Supplied records »
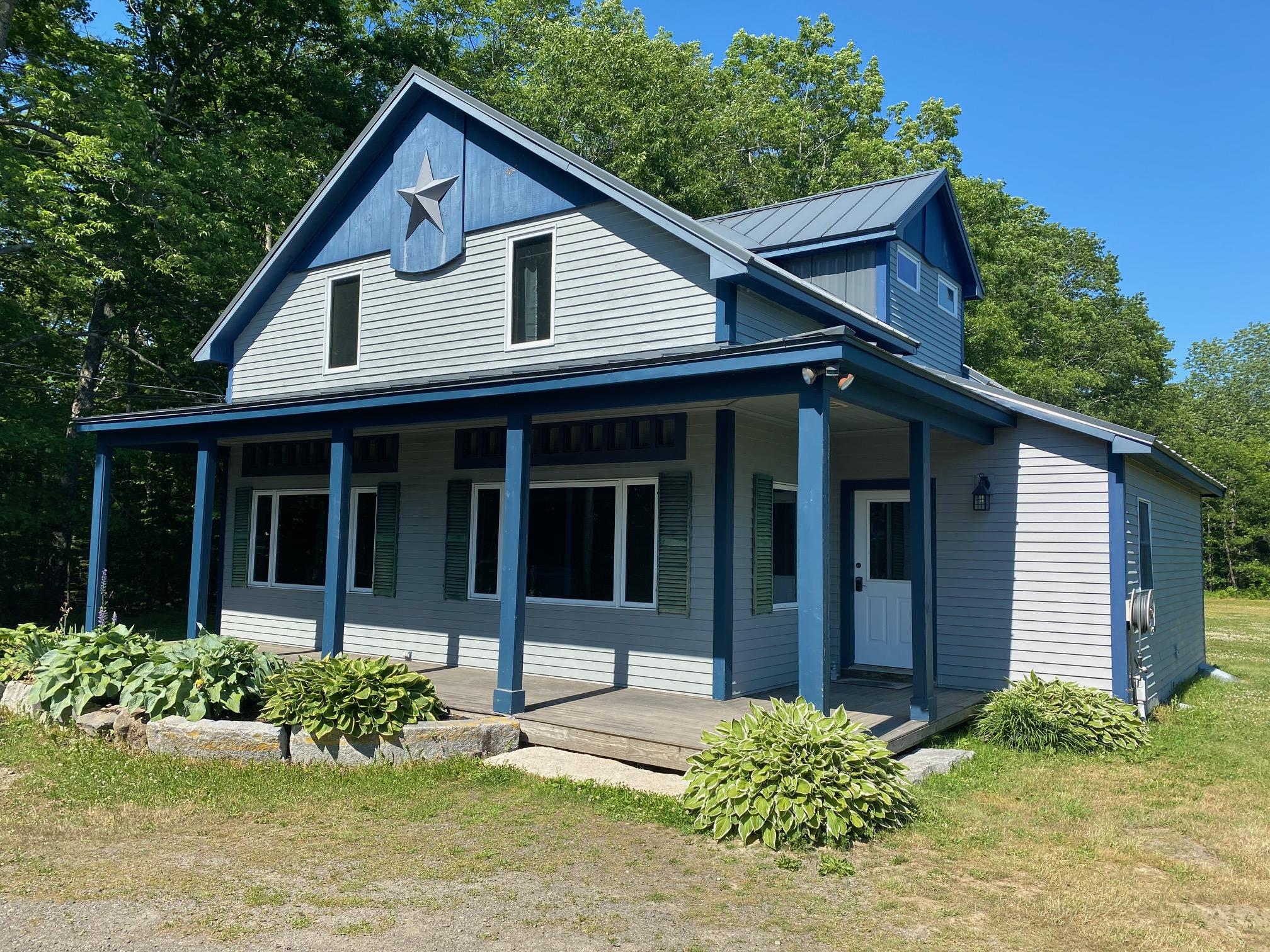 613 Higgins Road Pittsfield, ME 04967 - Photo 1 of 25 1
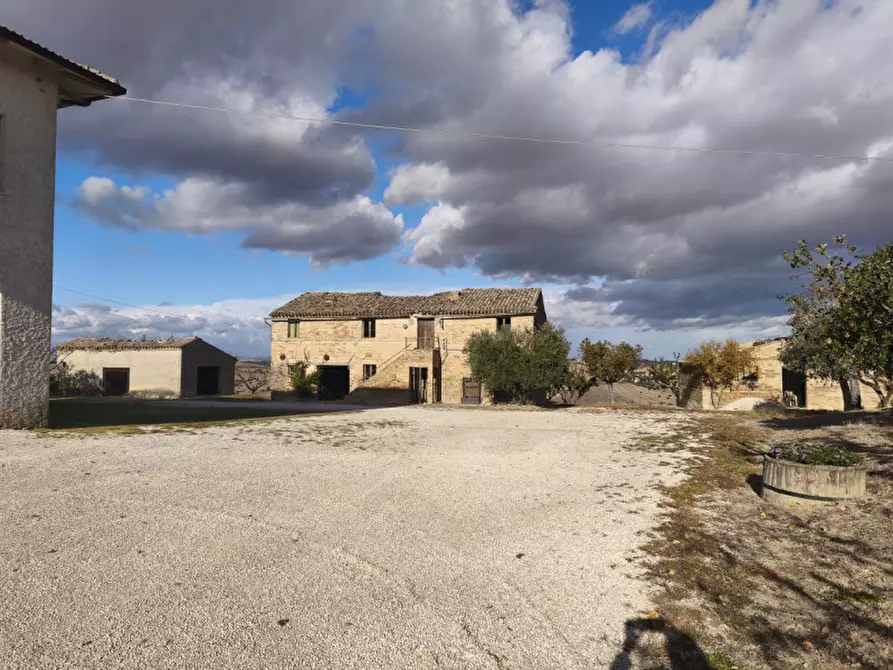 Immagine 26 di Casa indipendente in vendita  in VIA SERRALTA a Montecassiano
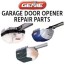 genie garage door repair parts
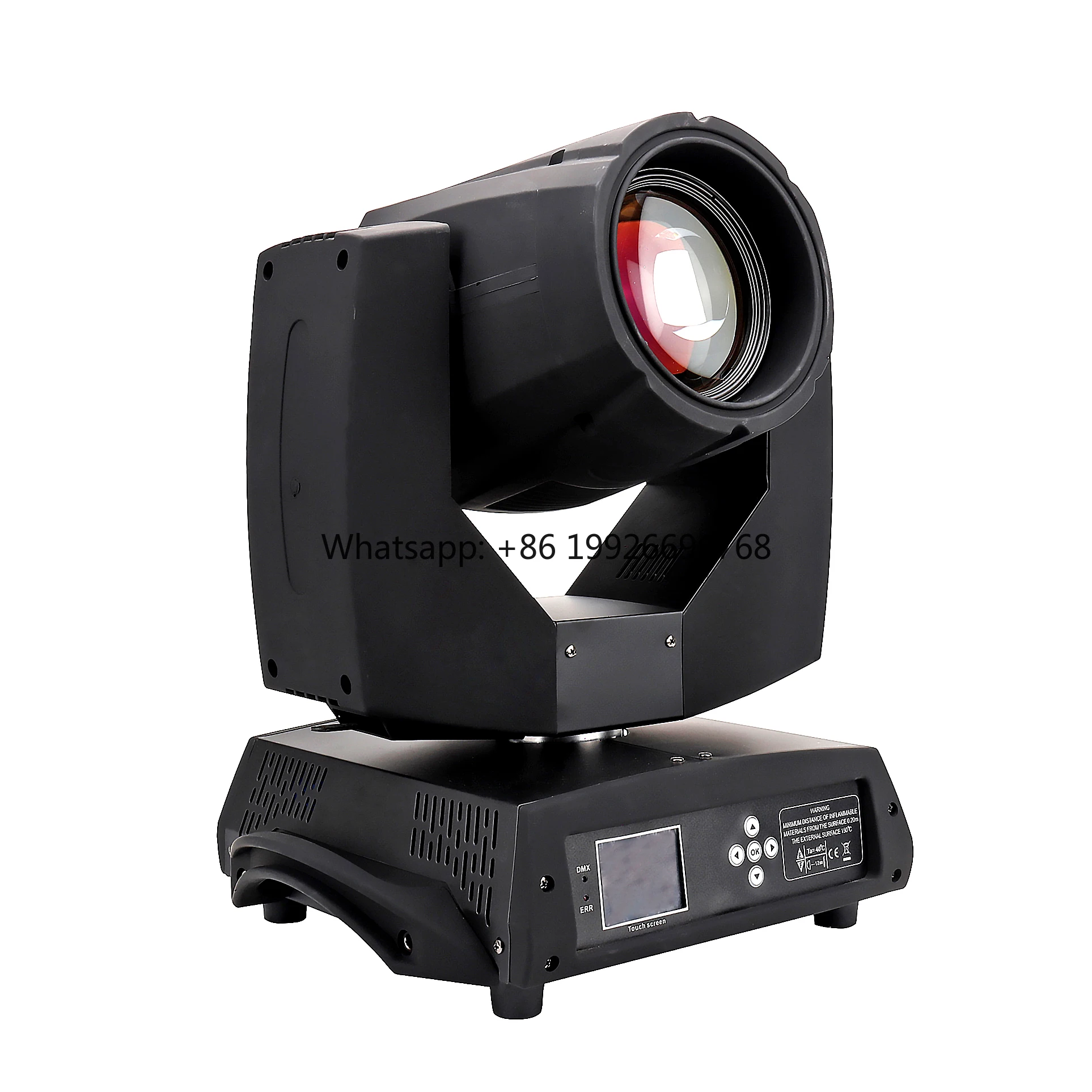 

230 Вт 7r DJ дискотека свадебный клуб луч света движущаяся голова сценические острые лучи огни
--
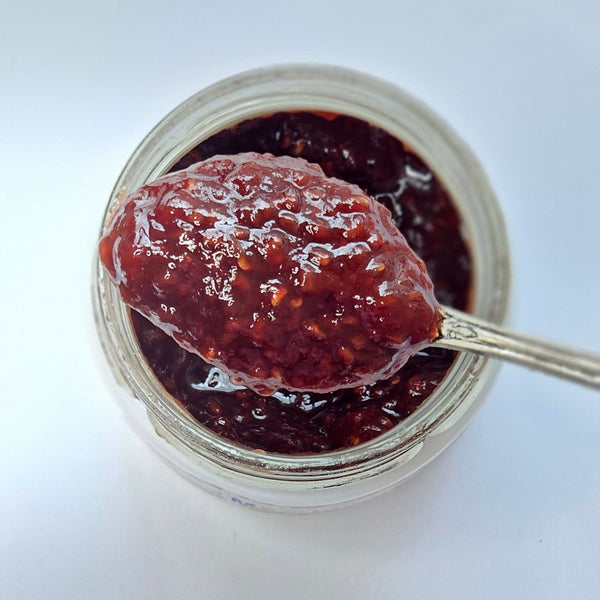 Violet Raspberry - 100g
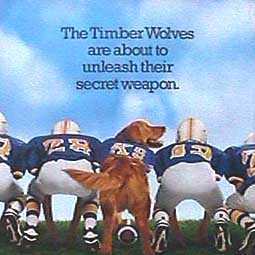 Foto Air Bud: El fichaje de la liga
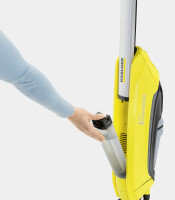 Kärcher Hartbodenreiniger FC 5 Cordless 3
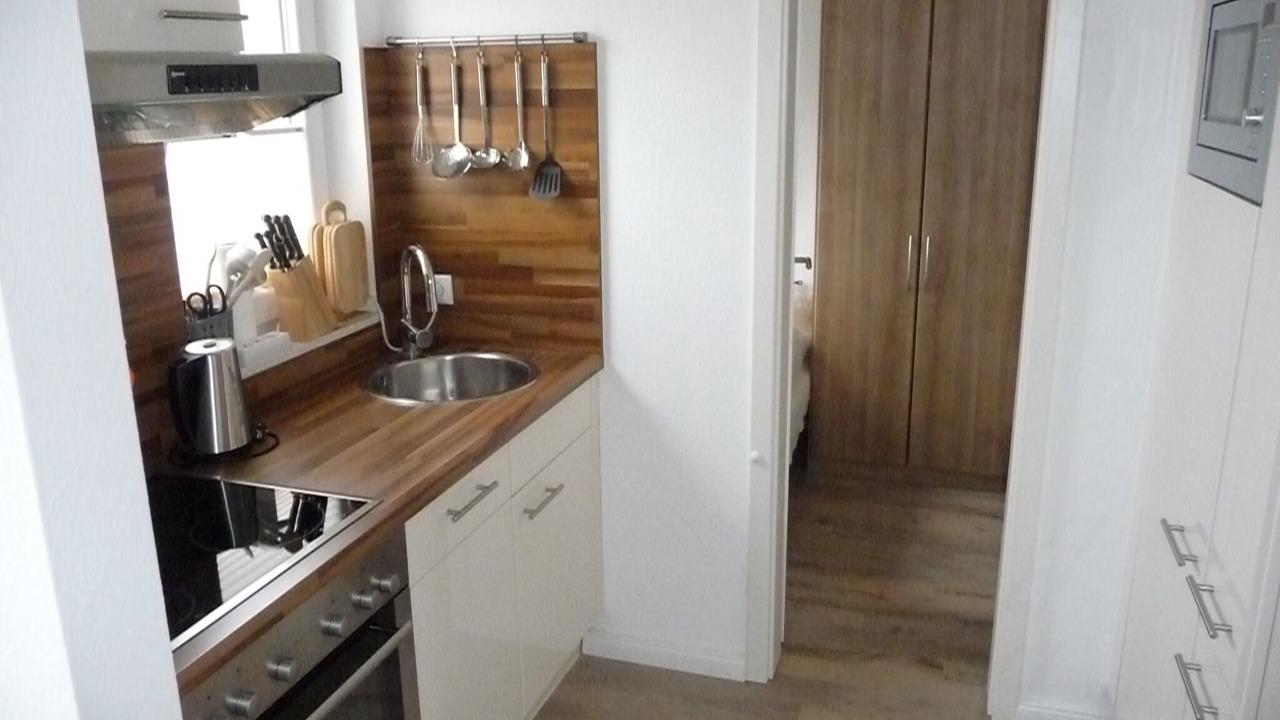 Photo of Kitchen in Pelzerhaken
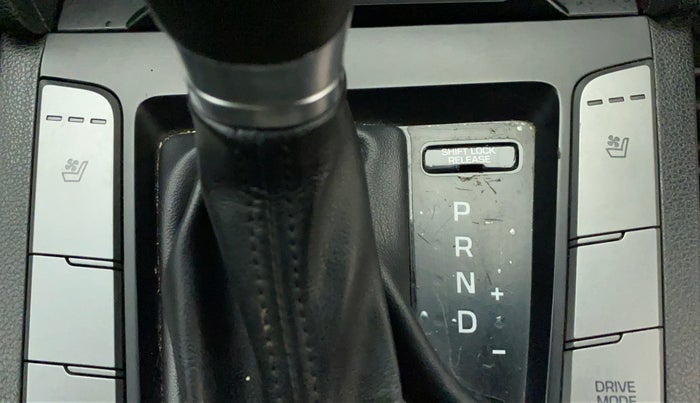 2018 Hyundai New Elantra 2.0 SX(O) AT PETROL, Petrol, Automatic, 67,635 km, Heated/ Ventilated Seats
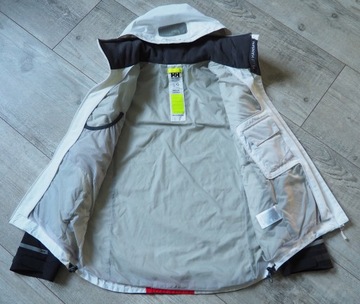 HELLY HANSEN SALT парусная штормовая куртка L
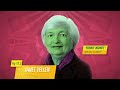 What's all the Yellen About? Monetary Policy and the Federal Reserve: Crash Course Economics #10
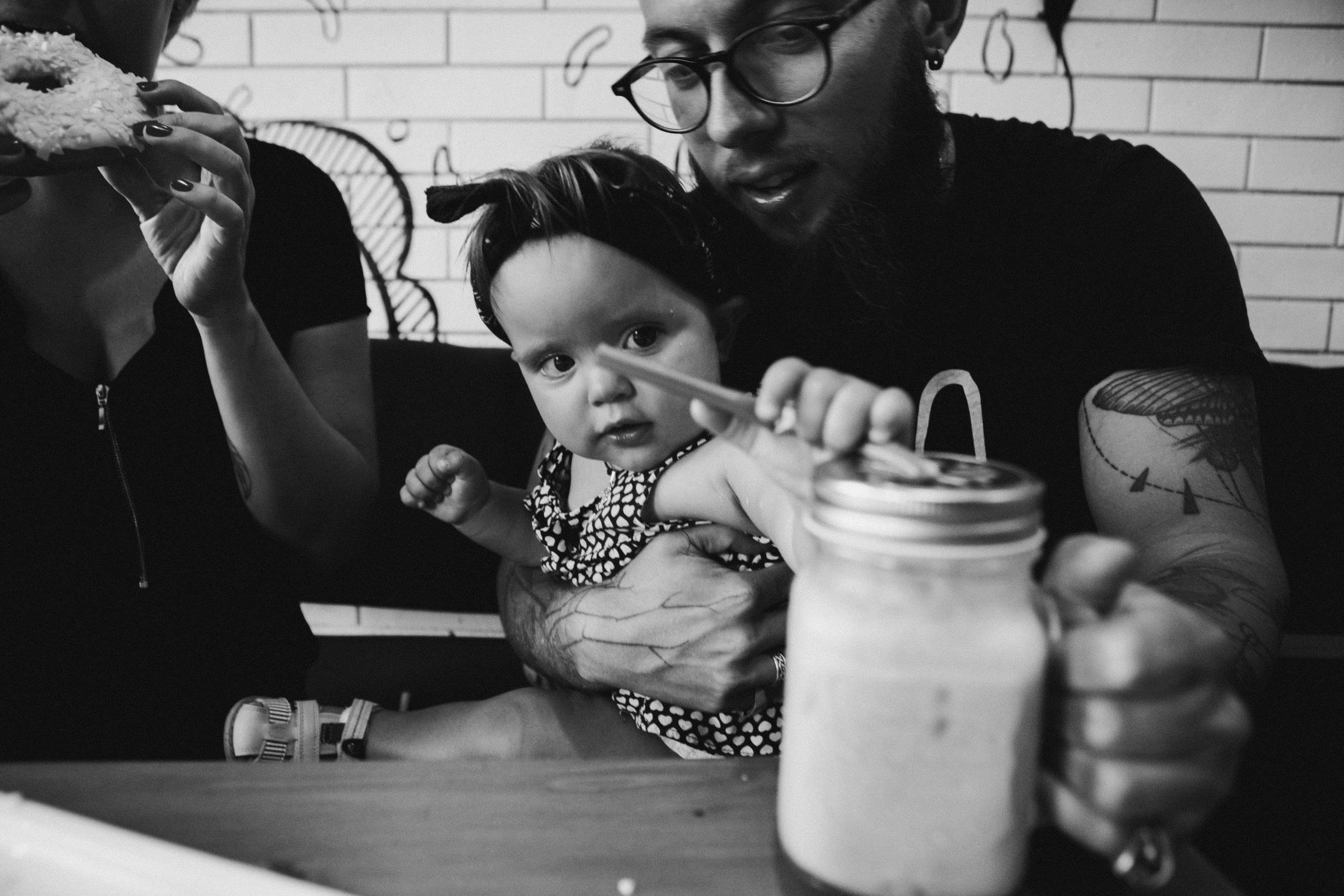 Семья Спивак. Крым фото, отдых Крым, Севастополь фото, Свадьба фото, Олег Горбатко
* * *
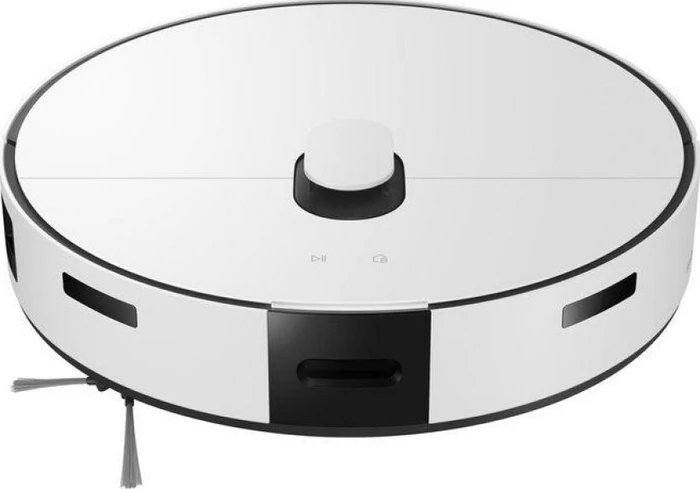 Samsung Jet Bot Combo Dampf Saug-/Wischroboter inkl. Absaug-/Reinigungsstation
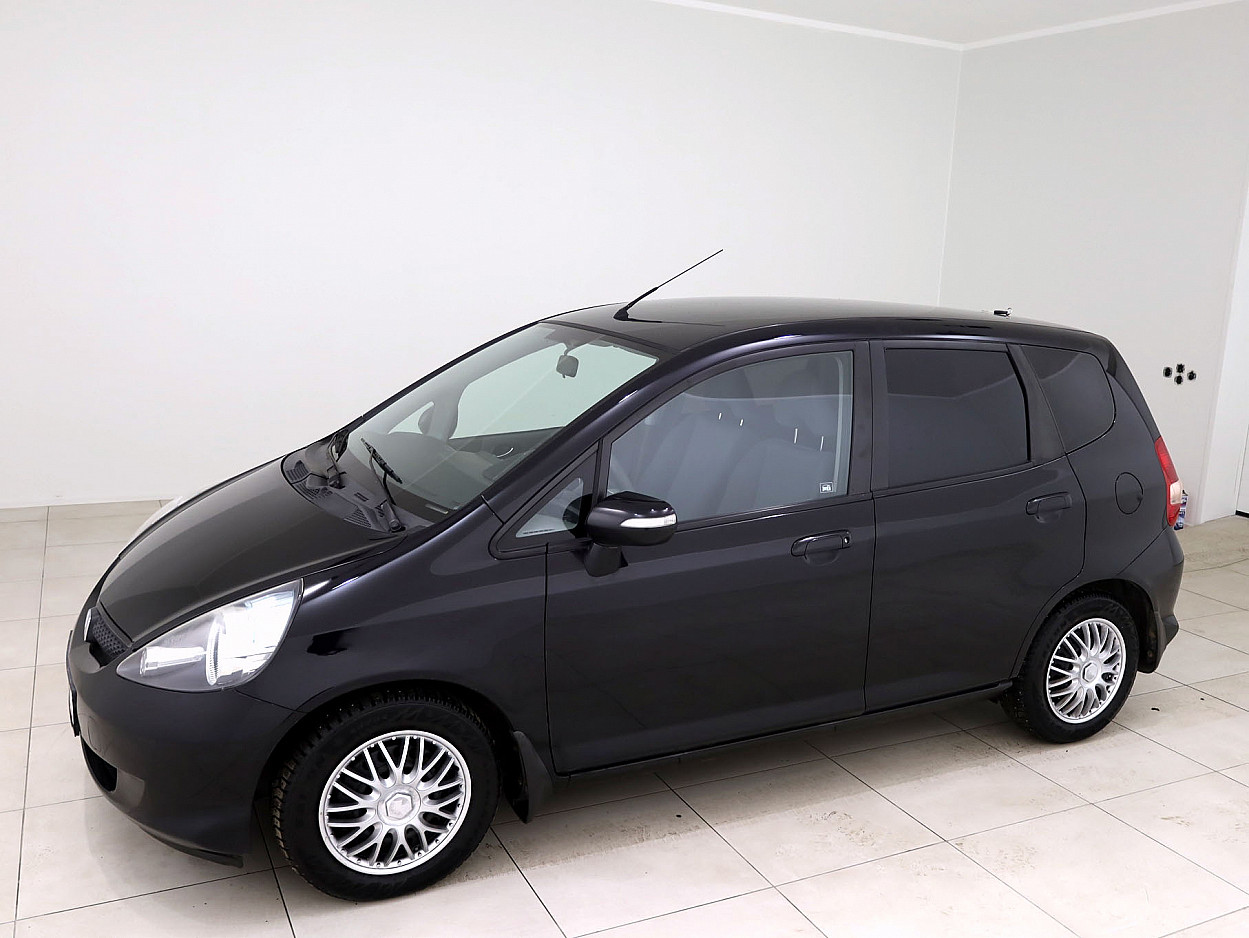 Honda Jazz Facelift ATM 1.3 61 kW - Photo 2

Exercise details »
Starting with the line that has "Photo of Kitchen in Pelzerhaken" and ending with the line that has "What's all the", repeat the lines above exactly, omitting every picture.

Solution to this task »
 Photo of Kitchen in Pelzerhaken
 2018 Hyundai New Elantra 2.0 SX(O) AT PETROL, Petrol, Automatic, 67,635 km, Heated/ Ventilated Seats
 HELLY HANSEN SALT парусная штормовая куртка L
 What's all the Yellen About? Monetary Policy and the Federal Reserve: Crash Course Economics #10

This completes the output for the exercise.